■ GIVEN MATERIAL:
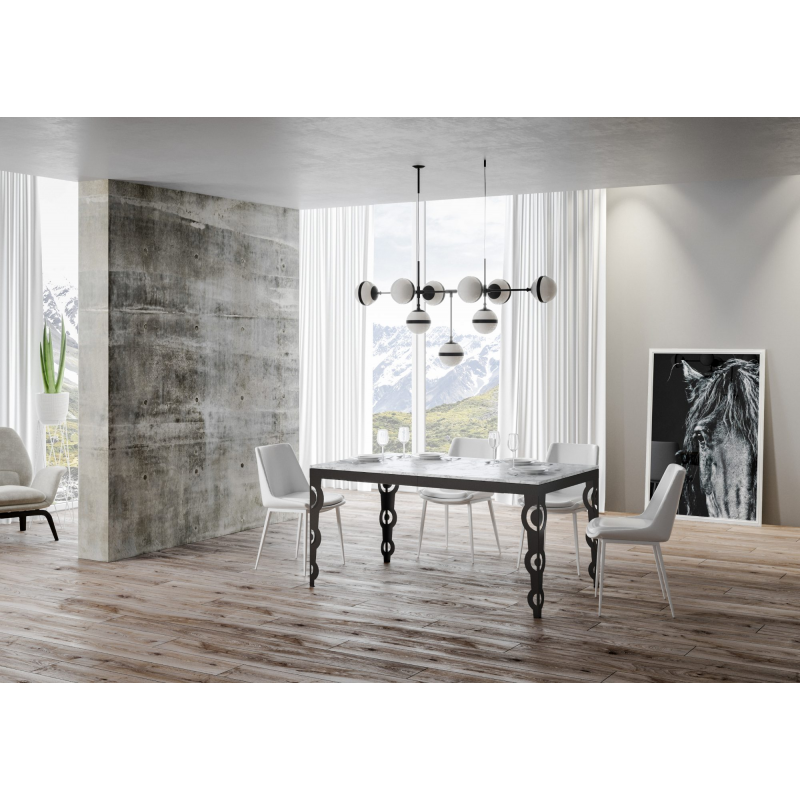Tavolo allungabile 90x180/284 cm Karamay Evolution telaio Antracite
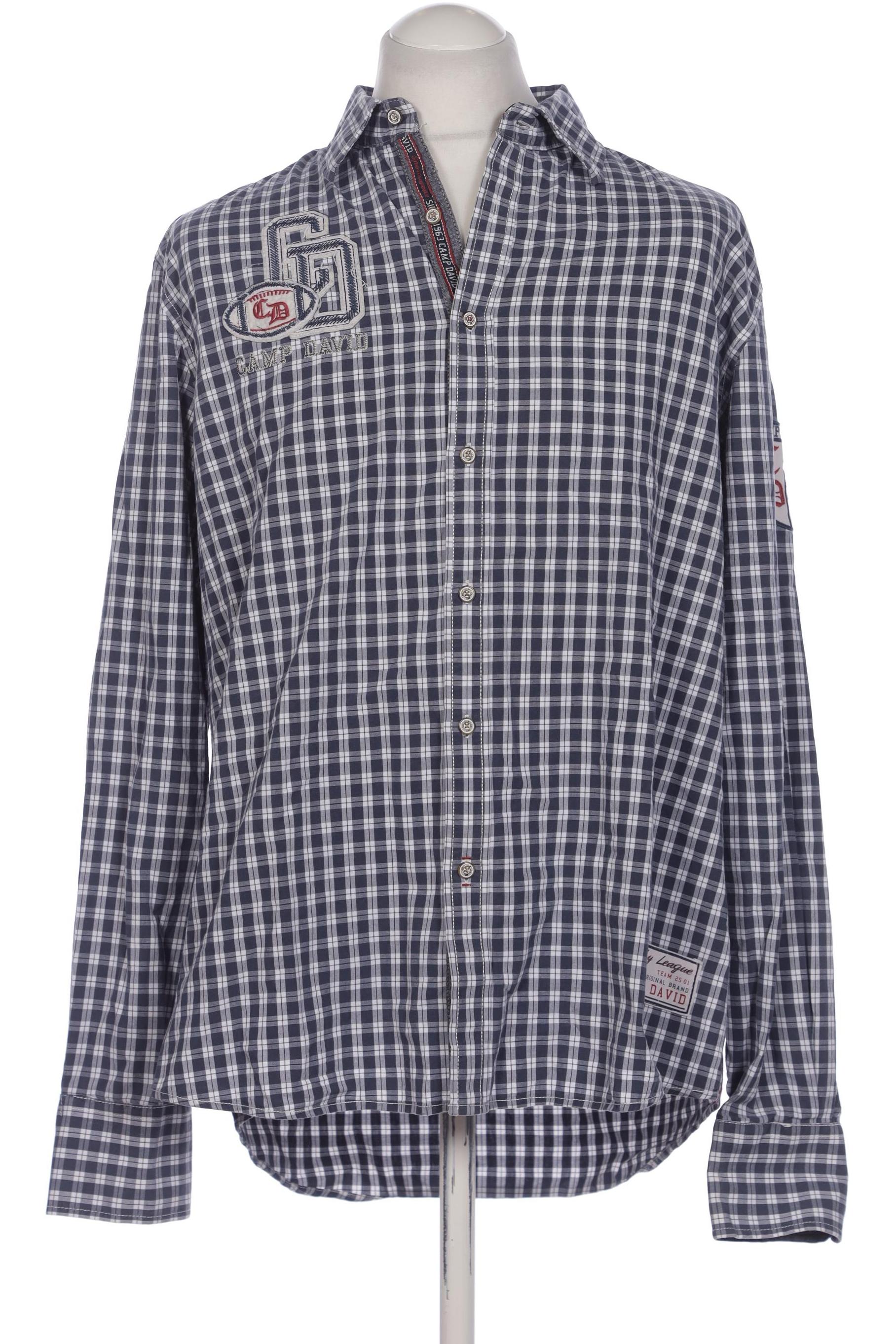 

Camp David Herren Hemd, marineblau, Gr. 54
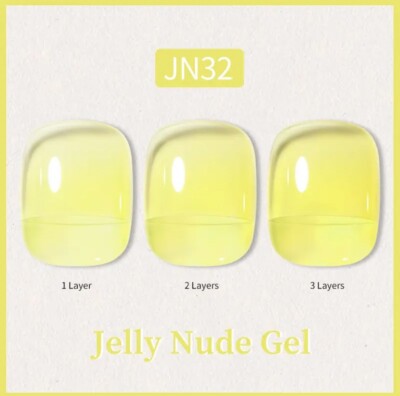 NEU BORN PRETTY Nagel Art Gellack Color Gel Soak Off UV & LED 10ml Jelly Nude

■ PROBLEM DETAILS: Each line of the listing must be restated word for word, and the pictures left out.

■ SOLUTION BELOW:
Tavolo allungabile 90x180/284 cm Karamay Evolution telaio Antracite

Camp David Herren Hemd, marineblau, Gr. 54
 NEU BORN PRETTY Nagel Art Gellack Color Gel Soak Off UV & LED 10ml Jelly Nude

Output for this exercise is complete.